Bird created a car unit which was tested on seriously ill patients with limited success. His first prototype consisted of strawberry shortcake tins and a doorknob. Most of these first units were sold to the Army, in the original format of tins and the doorknob. Further revision resulted in the 1955 release of the "Bird Universal Medical Respirator" (sold as the Bird Mark 7 Respirator and informally called the "Bird"), a small green box that became familiar to hospital patients soon after its introduction. The Bird Mark 8 added the capabilities of NEEP (Negative End Expiratory Pressure). This was frequently used to power a set of fluidic servos (sort of relays.) He subsequently made a ventilator for infants, nicknamed the "Babybird". This device was one of several devices that appeared on the market designed to effectively ventilate small children and infants. These devices played a significant role in reducing the rate of breathing-related infant mortality from 70% to 10%. The Bird Mark 7 Respirator is still in use around the world. In addition, he produced the Fluid Control Device.

===Accolades===
Bird was awarded the Lifetime Scientific Achievement Award in 1985 by the American Association for the Advancement of Science (AAAS), receiving a second award in September 2005. He continued to contribute to the field of pulmonary science by participating in the development of the VDR, a ventilator that permits management of the most challenging patients including ARDS, trauma and inhalation injury. In 1995, Bird was inducted into the National Inventors Hall of Fame. He was named "Inventor of the Week" by MIT in February 2001. The American Respiratory Care Foundation names one of its annual awards after Bird.
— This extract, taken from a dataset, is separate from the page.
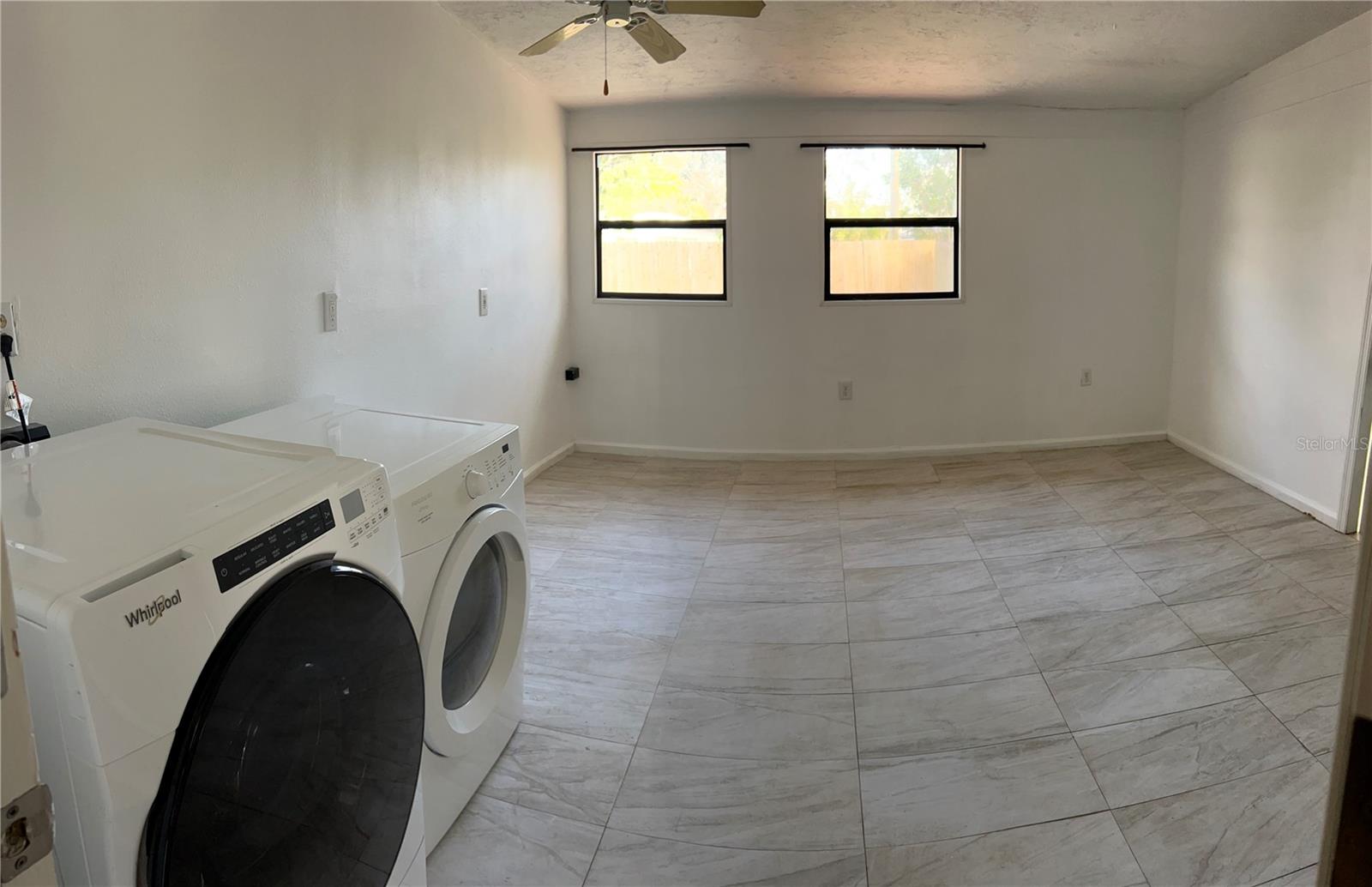 RIDGEWOOD ESTATES ADD 02 RESUB 01 - Residential Lease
===History of Bird Corp.===
- 1965: First factory assembly line rolls out a medical respirator for home health, the Mark III.
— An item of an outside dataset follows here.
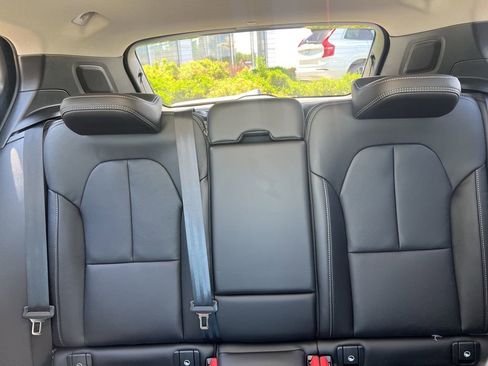 New 2026 Volvo XC40 B5 Ultra w/ Protection Package Premier AWD/4WD image 27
- 1971: Bird introduces first infant ventilator.
- 1978: Bird sells his namesake company to 3M, which took it public.
- 1984: 3M sells Bird Products to the management group of a competitor, Bird Medical Technologies Inc.
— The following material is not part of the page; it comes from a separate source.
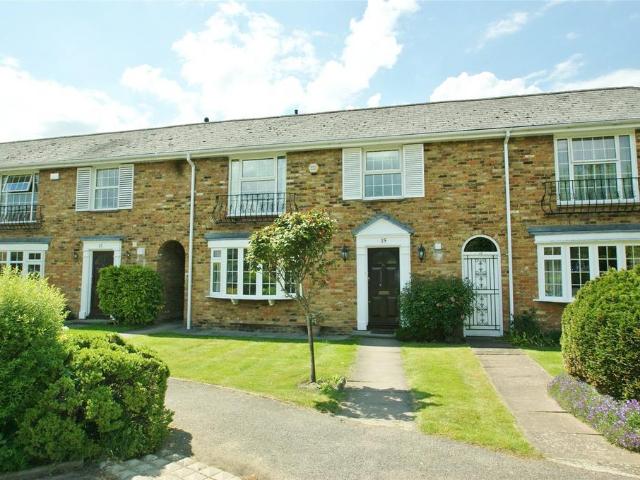 House for rent in Denham, Gerrards Cross and Chalfonts Community Board, Gerrards Cross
- 1987: The Bird 6400ST is released, the first new-generation ventilator.
- 1990: Bird Medical Technologies goes public, and is traded on NASDAQ under the ticker, BMTI.
- 1992: Bird Medical, reporting $36.5 million in sales in 1991, lays off 21 of 211 workers, citing poor economic conditions and falling sales. Despite the downturn, construction of its new, 120,000 sqft building at 1100 Bird Center Drive, its present site, continues.
- 1995: Thermo Electron Corp., which acquired Bird in a $67 million buyout of Bird stock, moves a Riverside-based subsidiary into the Palm Springs location. That year, Bird is inducted into the National Inventors Hall of Fame.
- 2002: Through acquisition and consolidation, the venture becomes a part of VIASYS Respiratory Care.
- 2009: Cardinal Health Inc., a Fortune 20 company based in Dublin, Ohio, that was spun off from its parent company to the wholly owned subsidiary, CareFusion Corp. The year before, Cardinal Health relocated three sister companies to the Palm Springs operation: Bear Medical of Riverside, SensorMedics Corp. of Yorba Linda and EME Medical of Brighton, England.